If Orman's incremental approach "gets someone fired up to put more toward their debt, then great," says Matt Schulz, chief credit analyst at LendingTree and author of "Ask Questions, Save Money, Make More: How to Take Control of Your Financial Life."
However, while avoiding discretionary purchases — or "wants" rather than needs — on credit cards is a smart move due to high interest rates, Schulz cautions against cutting out all non-essential spending.
An overly restrictive budget is like a diet that bans favorite foods, he says: "It's just unnecessarily strict and unrealistic and won't work in the long run."
While consistent debt payments are important, allowing room for small, affordable pleasures can help maintain motivation over time, Schulz says. Paying with cash also sets a firm spending limit and keeps you from paying interest on those expenses.
"If you pay only for needs with your credit card, opting to pay for wants with cash, then it can work out OK," Schulz says.
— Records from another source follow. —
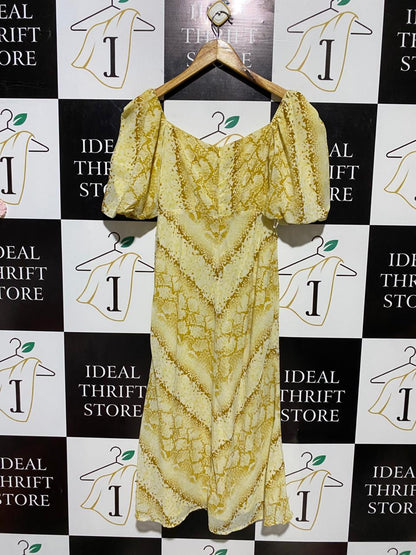 LULU & ROSE |XS| BUST 15| B20| YELLOW SNAKE SKIN PRINT SHORT SLEEVE MAXI DRESS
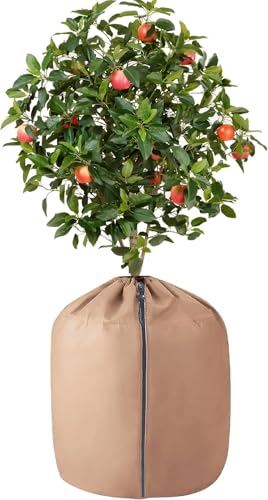 Shengruili Topfschutz Pflanzen Winte,40x40cm Thermo Topfschutz für Pflanzen,Thermo Pflanztopfschutz,Winterschutz Draußen mit Reißverschluss und Kordelzug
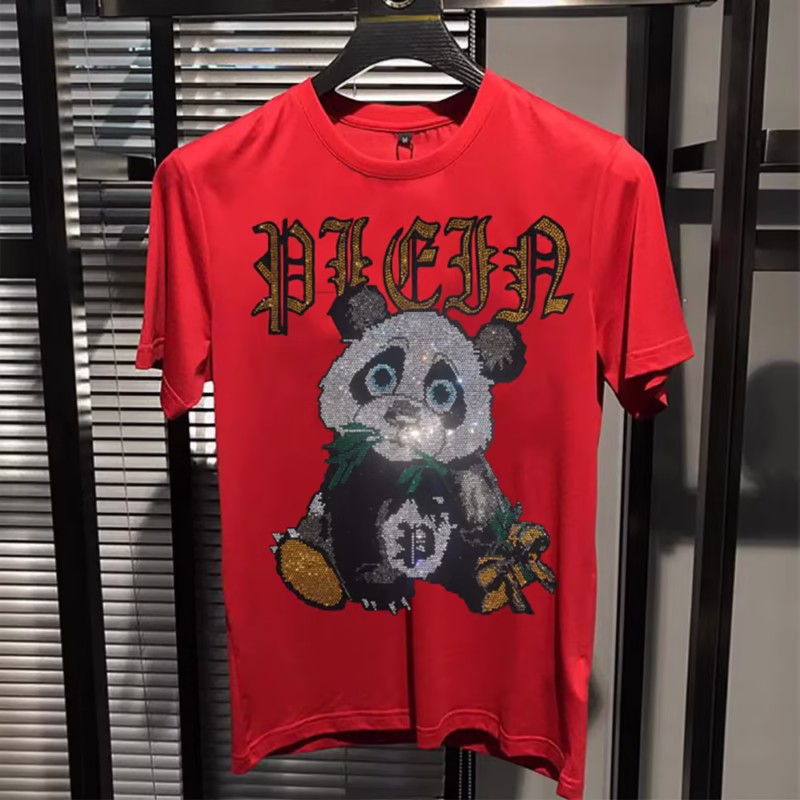 Summertime Fashionable Round-Neck Tops: Men's Heavy Duty Cotton T-Shirt with Panda Print and Sparkling Rhinestones Men’s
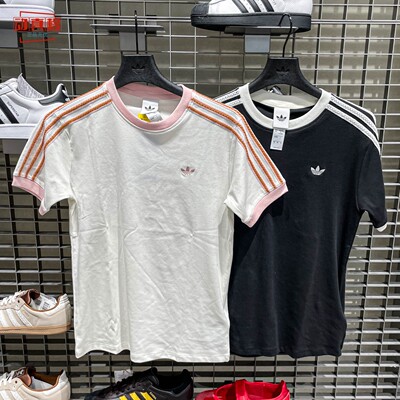 adidas三叶草女子三条纹短袖T恤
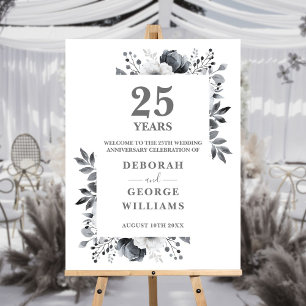 Silver 25th Wedding Anniversary Welcome Sign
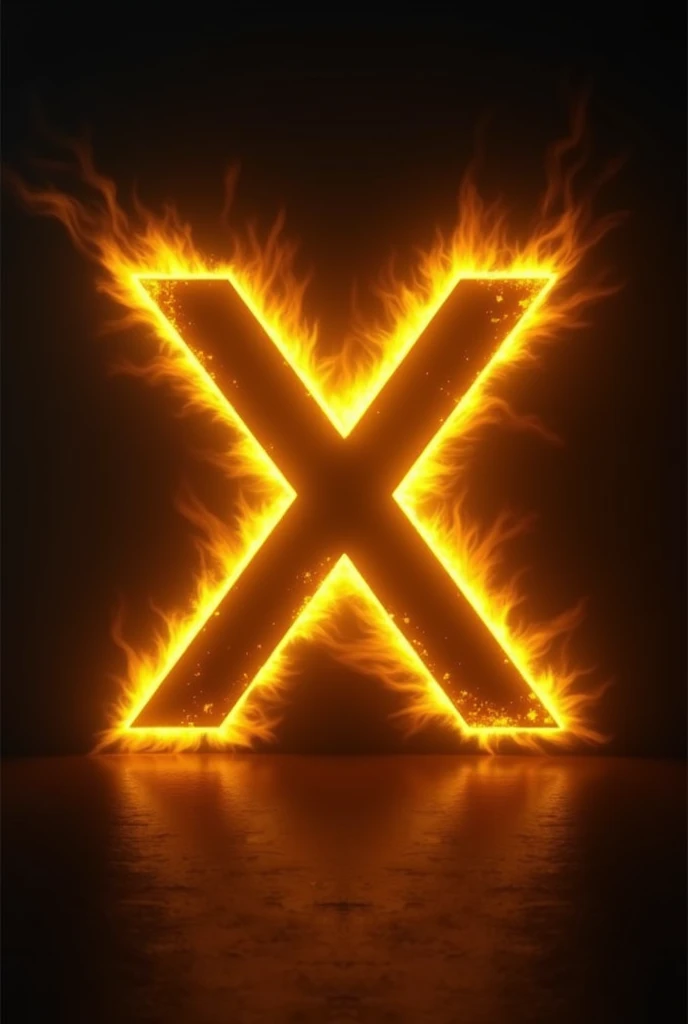 The letter "X" with yellow orange aura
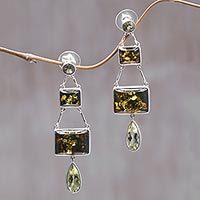 Amber and lemon quartz dangle earrings,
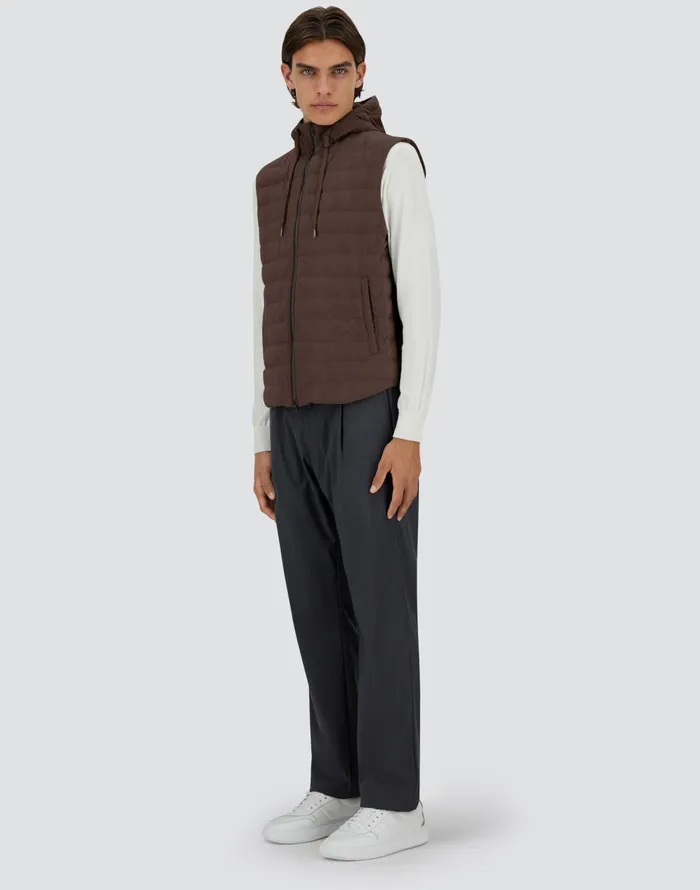 Herno SUEDE EFFECT VEST Dark Brown Men Vests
Consider building up an emergency fund too
Setting aside cash in an emergency fund can also help prevent slipping back further into debt, Schulz says. Otherwise, not having money when you need it could mean turning to your credit card for unexpected expenses. He recommends building savings gradually, even if it means slower progress on debt repayment.
An emergency fund can provide a cushion for unexpected expenses like medical bills, car repairs or job loss, and financial planners commonly recommend saving enough to cover three to six months' worth of living expenses to provide a buffer against financial setbacks. That said, savings of a few hundred dollars can go a long way, too.
"If you have even a little bit of savings when you finally get that card debt down to $0, it will make you less likely to get right back into debt," says Schulz.